Information provided:
-*-*-

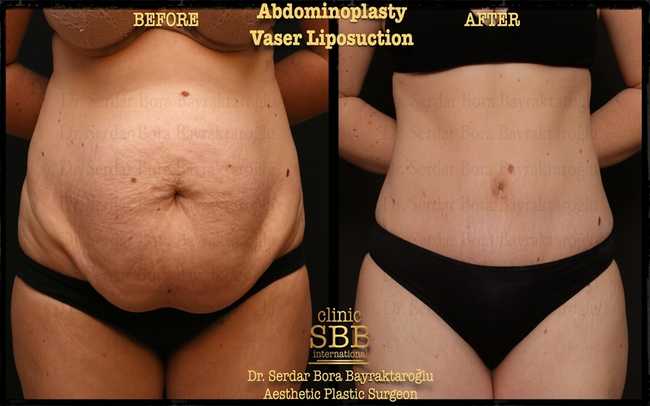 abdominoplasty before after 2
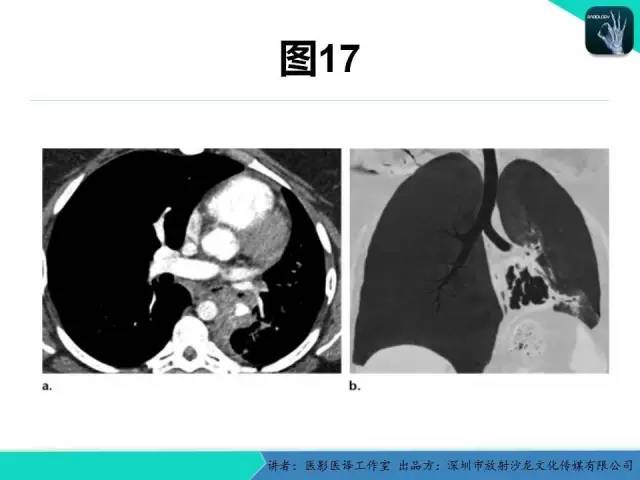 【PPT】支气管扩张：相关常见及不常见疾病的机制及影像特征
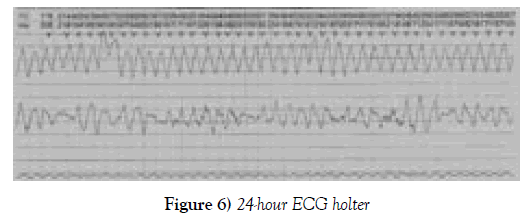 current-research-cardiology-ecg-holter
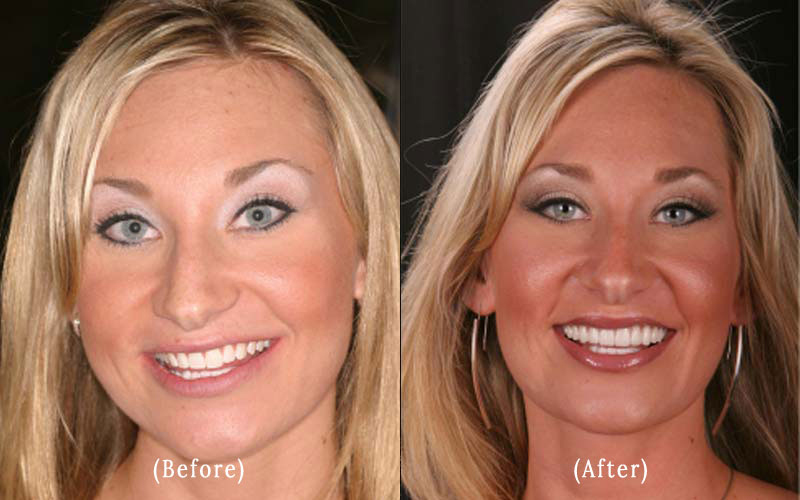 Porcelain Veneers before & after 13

-*-*-

What you will do:
Exactly as written, return each line above and leave the pictures behind.

Output below:
 abdominoplasty before after 2
 【PPT】支气管扩张：相关常见及不常见疾病的机制及影像特征
 current-research-cardiology-ecg-holter
 Porcelain Veneers before & after 13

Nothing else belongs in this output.